=== Begin Enclosure ===

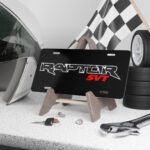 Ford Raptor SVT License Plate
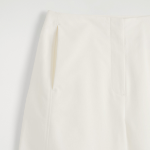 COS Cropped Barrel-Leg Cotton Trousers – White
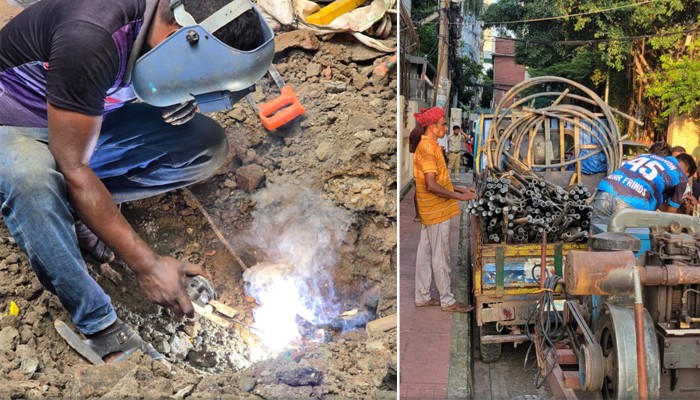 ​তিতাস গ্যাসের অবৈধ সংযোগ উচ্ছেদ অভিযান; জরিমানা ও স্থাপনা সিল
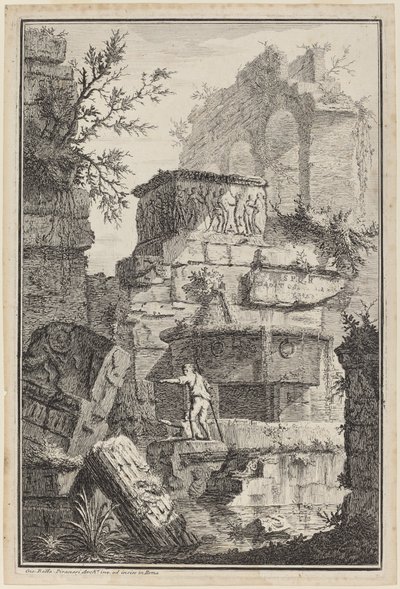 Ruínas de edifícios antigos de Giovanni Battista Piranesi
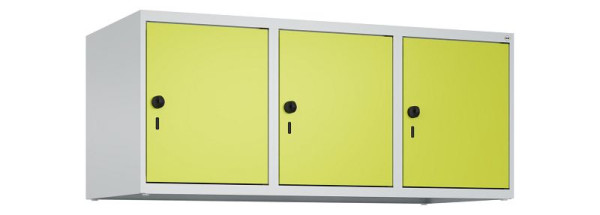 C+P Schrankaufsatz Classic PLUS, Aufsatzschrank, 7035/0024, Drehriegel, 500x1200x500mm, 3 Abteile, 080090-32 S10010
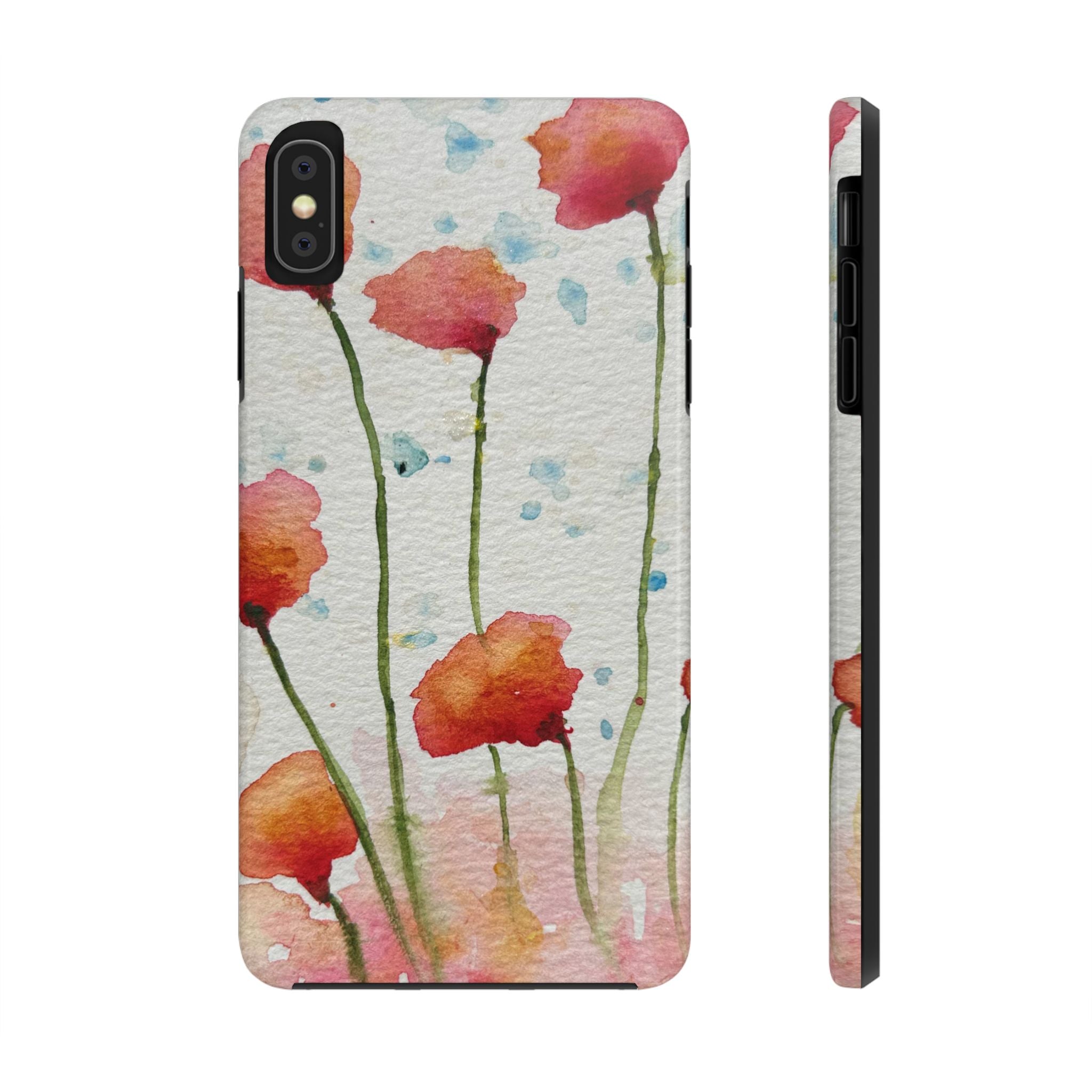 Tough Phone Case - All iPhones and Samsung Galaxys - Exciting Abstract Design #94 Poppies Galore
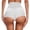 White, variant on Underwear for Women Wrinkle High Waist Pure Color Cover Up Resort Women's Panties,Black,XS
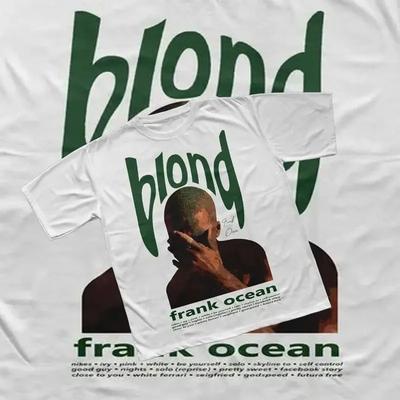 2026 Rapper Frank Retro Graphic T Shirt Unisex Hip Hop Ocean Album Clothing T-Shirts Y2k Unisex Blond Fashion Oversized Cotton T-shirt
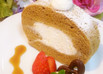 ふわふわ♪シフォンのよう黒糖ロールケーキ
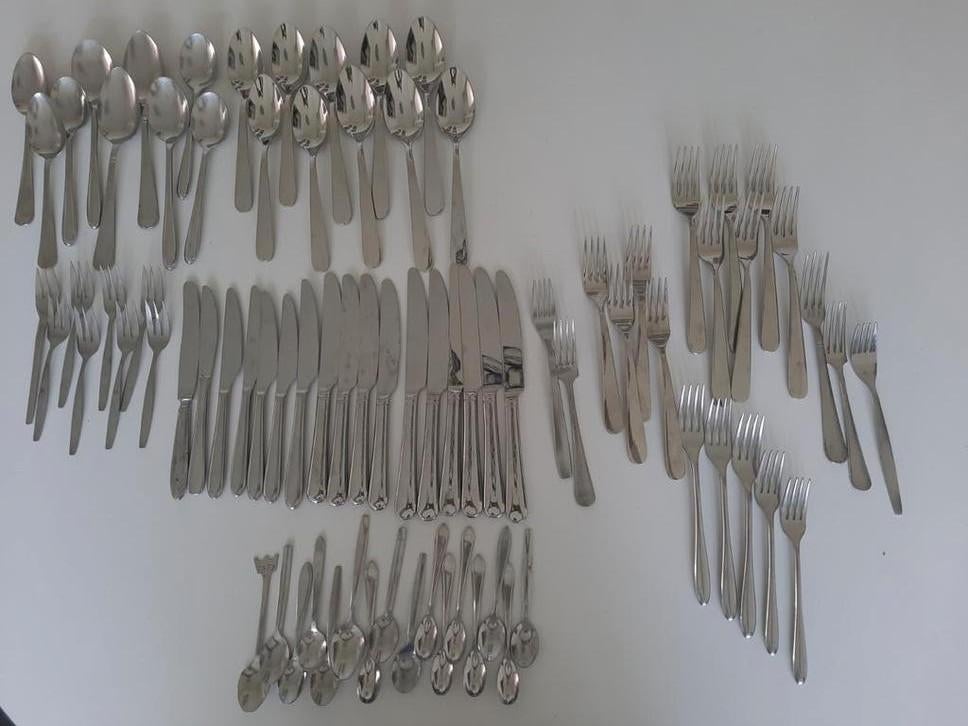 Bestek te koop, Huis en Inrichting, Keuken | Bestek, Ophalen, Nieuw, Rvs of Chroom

=== End Enclosure ===

• _What the exercise asks_:
Verbatim copy with pictures excluded: write out the records above in full.

• _Reply_:
 Ford Raptor SVT License Plate
 COS Cropped Barrel-Leg Cotton Trousers – White
 ​তিতাস গ্যাসের অবৈধ সংযোগ উচ্ছেদ অভিযান; জরিমানা ও স্থাপনা সিল
 Ruínas de edifícios antigos de Giovanni Battista Piranesi
 C+P Schrankaufsatz Classic PLUS, Aufsatzschrank, 7035/0024, Drehriegel, 500x1200x500mm, 3 Abteile, 080090-32 S10010
 Tough Phone Case - All iPhones and Samsung Galaxys - Exciting Abstract Design #94 Poppies Galore
 White, variant on Underwear for Women Wrinkle High Waist Pure Color Cover Up Resort Women's Panties,Black,XS
 2026 Rapper Frank Retro Graphic T Shirt Unisex Hip Hop Ocean Album Clothing T-Shirts Y2k Unisex Blond Fashion Oversized Cotton T-shirt
 ふわふわ♪シフォンのよう黒糖ロールケーキ
 Bestek te koop, Huis en Inrichting, Keuken | Bestek, Ophalen, Nieuw, Rvs of Chroom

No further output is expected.